Intraclass correlation coefficients (ICCs) are a commonly used metric in test-retest reliability research to assess a measure's ability to quantify systematic between-subject differences. However, estimates of between-subject differences are also influenced by factors including within-subject variability, random errors, and measurement bias. Here, we use data collected from a large online sample (N = 150) to (1) quantify test-retest reliability of behavioural and computational measures of reversal learning using ICCs, and (2) use our dataset as the basis for a simulation study investigating the effects of sample size on variance component estimation and the association between estimates of variance components and ICC measures. In line with previously published work, we find reliable behavioural and computational measures of reversal learning, a commonly used assay of behavioural flexibility. Reliable estimates of between-subject, within-subject (across-session), and error variance components for behavioural and computational measures (with ± .05 precision and 80% confidence) required sample sizes ranging from 10 to over 300 (behavioural median N: between-subject = 167, within-subject = 34, error = 103; computational median N: between-subject = 68, within-subject = 20, error = 45). These sample sizes exceed those often used in reliability studies, suggesting that sample sizes larger than are commonly used for reliability studies (circa 30) are required to robustly estimate reliability of task performance measures. Additionally, we found that ICC estimates showed highly positive and highly negative correlations with between-subject and error variance components, respectively, as might be expected, which remained relatively stable across sample sizes. However, ICC estimates were weakly or not correlated with within-subject variance, providing evidence for the importance of variance decomposition for reliability studies.

查看原文本刊更多论文

在估计行为的重测信度时，样本量很重要。

类内相关系数（ICCs）是测试-重测信度研究中常用的度量，用于评估测量方法量化系统受试者间差异的能力。然而，受试者间差异的估计也受到受试者内变异性、随机误差和测量偏差等因素的影响。在这里，我们使用从大型在线样本（N = 150）收集的数据来(1)量化使用ICC的逆转学习行为和计算度量的测试-重测可靠性，(2)使用我们的数据集作为模拟研究的基础，调查样本量对方差成分估计的影响以及方差成分估计与ICC度量之间的关联。与先前发表的工作一致，我们发现了可靠的行为和计算方法的逆转学习，一种常用的行为灵活性分析。受试者间、受试者内（跨时段）的可靠估计，以及行为和计算测量的误差方差成分(±。05精度和80%置信度)需要的样本量范围从10到300以上(行为中位数N：受试者之间= 167，受试者内部= 34，误差= 103；计算中位数N: between-subject = 68, within-subject = 20, error = 45)。这些样本量超过了可靠性研究中经常使用的样本量，这表明需要比通常用于可靠性研究的样本量更大（大约30个）来稳健地估计任务绩效测量的可靠性。此外，我们发现ICC估计分别与主体和误差方差成分呈高度正相关和高度负相关，正如预期的那样，在不同的样本量上保持相对稳定。然而，ICC估计值与主体内方差的相关性较弱或不相关，这为方差分解对可靠性研究的重要性提供了证据。

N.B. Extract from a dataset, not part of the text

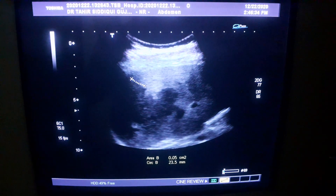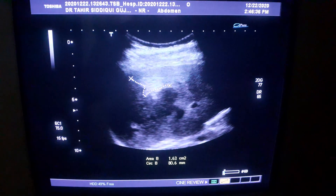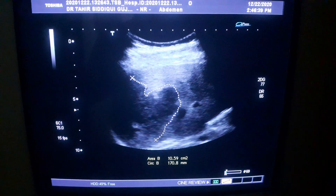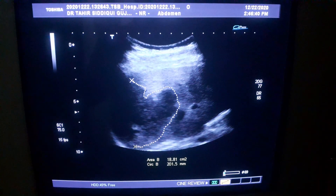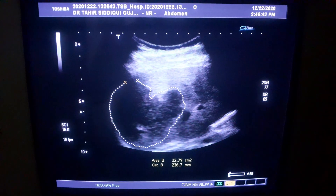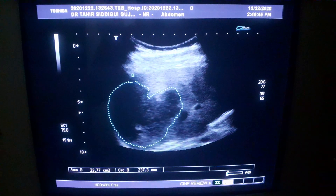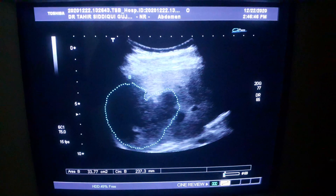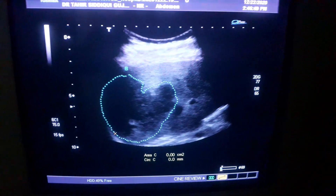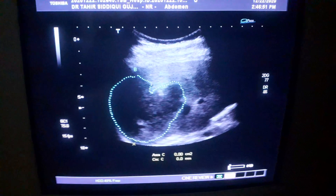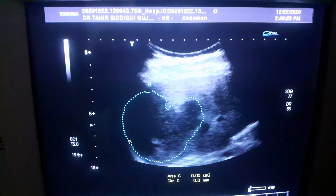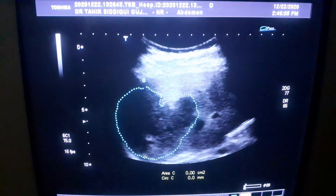You can see this one, this one, and this one. Now this is the diaphragm. The diaphragm appears thin in fatty liver — not that thick.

本文章由计算机程序翻译，如有差异，请以英文原文为准。

求助全文

约1分钟内获得全文求助全文

来源期刊

Behavior Research Methods Multiple-

CiteScore

10.30

自引率

9.30%

发文量

266

期刊介绍： Behavior Research Methods publishes articles concerned with the methods, techniques, and instrumentation of research in experimental psychology. The journal focuses particularly on the use of computer technology in psychological research. An annual special issue is devoted to this field.